As part of LEED v3, the latest version of the U.S. Green Building Council's program for green building design, construction, operations and maintenance, buildings seeking LEED certification will begin submitting operational performance data on a recurring basis as a precondition to certification.

“Today there is all too often a disconnect, or performance gap, between the energy modeling done during the design phase and what actually happens during daily operation after the building is constructed,” said Scot Horst, senior vice president of LEED, U.S. Green Building Council. “We're convinced that ongoing monitoring and reporting of data is the single best way to drive higher building performance because it will bring to light external issues such as occupant behavior or unanticipated building usage patterns, all key factors that influence performance.”

USGBC will be able to use the performance information collected to inform future versions of LEED.

Ron Jarnagin, who chairs the ASHRAE committee developing the building label, noted that the market, with its move toward placing a premium on energy-efficient properties, would benefit from a labeling program.

“When potential building tenants and owners have information on the properties they are interested in, they can understand the full cost of their investment and place a value on the energy efficiency of a building,” he said. “ASHRAE's label will help building owners differentiate their product in a technically sound manner while providing tenants with the tools they need to select energy-efficient spaces.”

The ASHRAE labeling program differs from existing labeling programs in that it focuses solely on energy use. Under the ASHRAE program, new buildings will be eligible to receive an asset rating. An operation rating will be available once the building has at least one year of data on the actual energy use of buildings. Existing buildings would be eligible to receive both an asset and operational rating.

“Building performance will guide LEED's evolution,” said Brendan Owens, USGBC's vice president of LEED technical development. “This data will show us what strategies work — and which don't — so we can evolve the credits and prerequisites informed by lessons learned.”

“It will also help us to educate building owners on how users of the building can impact its energy use and water consumption, to be sure the building is operating as it was designed to,” added Horst. “Similar to the sticker on a new car that says the car will get 30 miles to the gallon — the car is calibrated to perform but it's also reliant on the driver's habits.” Projects can comply with the performance requirement in one of three ways:

  • The building is recertified on a two-year cycle using LEED for Existing Buildings: Operations and Maintenance.

  • The building provides energy and water usage data on an on-going basis annually.

  • The building owner signs a release that authorizes USGBC to access the building's energy and water usage data directly from the building's utility provider.

The requirement creates a data stream on LEED-certified building performance that can be used by owners and operators to optimize their building performance and promote the establishment of energy efficiency goals over the life of the building.

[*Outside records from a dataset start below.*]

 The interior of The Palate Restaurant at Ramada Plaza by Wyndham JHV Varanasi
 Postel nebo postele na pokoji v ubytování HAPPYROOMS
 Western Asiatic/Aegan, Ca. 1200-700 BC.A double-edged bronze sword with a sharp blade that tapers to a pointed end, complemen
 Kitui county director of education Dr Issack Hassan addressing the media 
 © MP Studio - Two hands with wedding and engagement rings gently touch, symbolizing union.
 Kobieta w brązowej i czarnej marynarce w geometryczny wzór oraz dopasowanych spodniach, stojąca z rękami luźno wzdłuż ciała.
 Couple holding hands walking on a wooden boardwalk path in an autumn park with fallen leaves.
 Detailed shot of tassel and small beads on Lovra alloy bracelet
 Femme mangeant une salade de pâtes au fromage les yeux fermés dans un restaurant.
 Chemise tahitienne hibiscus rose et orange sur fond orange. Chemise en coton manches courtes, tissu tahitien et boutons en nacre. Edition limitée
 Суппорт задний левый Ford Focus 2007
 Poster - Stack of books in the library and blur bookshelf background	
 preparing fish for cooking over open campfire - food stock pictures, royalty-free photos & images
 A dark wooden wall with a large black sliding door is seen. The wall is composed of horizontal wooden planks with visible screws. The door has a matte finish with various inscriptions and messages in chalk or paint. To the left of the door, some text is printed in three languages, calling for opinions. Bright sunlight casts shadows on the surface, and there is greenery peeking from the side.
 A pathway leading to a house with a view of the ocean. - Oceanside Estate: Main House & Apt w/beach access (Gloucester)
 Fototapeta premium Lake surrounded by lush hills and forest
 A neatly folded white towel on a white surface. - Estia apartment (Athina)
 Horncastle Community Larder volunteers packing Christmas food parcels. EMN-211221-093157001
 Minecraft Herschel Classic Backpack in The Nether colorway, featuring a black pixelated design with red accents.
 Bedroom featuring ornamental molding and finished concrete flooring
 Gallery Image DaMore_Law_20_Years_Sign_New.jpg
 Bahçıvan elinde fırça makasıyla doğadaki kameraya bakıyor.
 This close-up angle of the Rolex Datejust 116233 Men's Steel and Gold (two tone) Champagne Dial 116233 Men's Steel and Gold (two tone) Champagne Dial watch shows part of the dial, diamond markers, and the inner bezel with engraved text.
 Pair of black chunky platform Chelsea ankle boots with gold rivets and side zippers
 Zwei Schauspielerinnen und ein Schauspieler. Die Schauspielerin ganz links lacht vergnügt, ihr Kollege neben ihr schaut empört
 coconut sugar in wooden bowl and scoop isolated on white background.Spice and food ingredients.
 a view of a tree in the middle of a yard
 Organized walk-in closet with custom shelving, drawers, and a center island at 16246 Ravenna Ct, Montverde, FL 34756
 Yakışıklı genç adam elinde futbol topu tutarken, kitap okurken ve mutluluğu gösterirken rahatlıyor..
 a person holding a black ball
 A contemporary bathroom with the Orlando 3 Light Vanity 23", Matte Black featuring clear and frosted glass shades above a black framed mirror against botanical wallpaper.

“LEED was created to transform the way we build and operate buildings with a goal of reducing the impacts of the built environment,” added Horst. “The LEED design and construction certifications recognize one piece of a building's lifecycle, but it's the day-to-day running of the building that has dramatic impact on its performance. We know that buildings can be a huge part of the solution for reducing greenhouse gas emissions and fossil fuel dependence and USGBC sees this as one more step forward in accomplishing its goals for addressing climate change.”